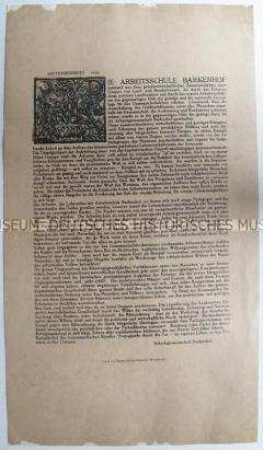 Sonderdruck der Arbeitsgemeinschaft Barkenhof (Worpswede) über die dortige "Arbeitsschule"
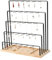 Polegas Jewellery Stand, 5 Tier Earring Holder Necklace Stand with Hooks, Wooden Storage Tray, Jewellery Display for Selling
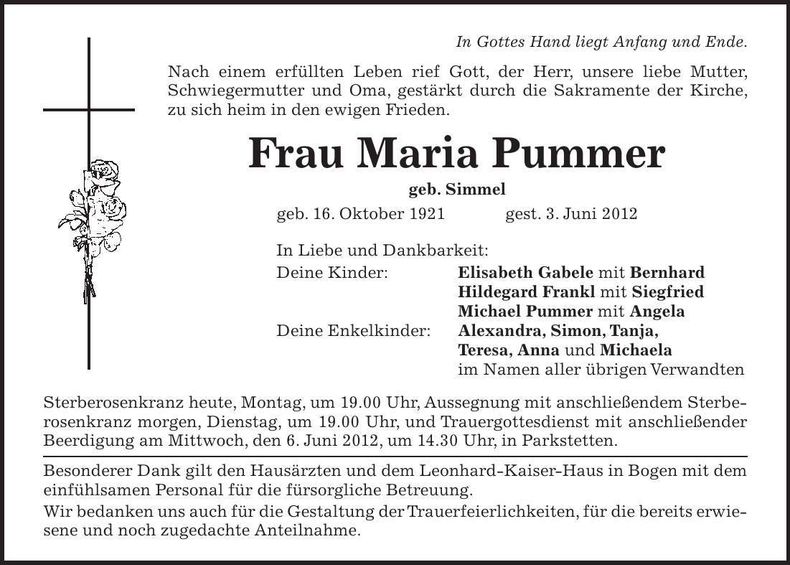 Traueranzeige Maria Pummer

-*-*-

◆ What the exercise asks
Set the pictures aside and reproduce the data above exactly.

◆ Completed exercise
 Sonderdruck der Arbeitsgemeinschaft Barkenhof (Worpswede) über die dortige "Arbeitsschule"
 Polegas Jewellery Stand, 5 Tier Earring Holder Necklace Stand with Hooks, Wooden Storage Tray, Jewellery Display for Selling
 Traueranzeige Maria Pummer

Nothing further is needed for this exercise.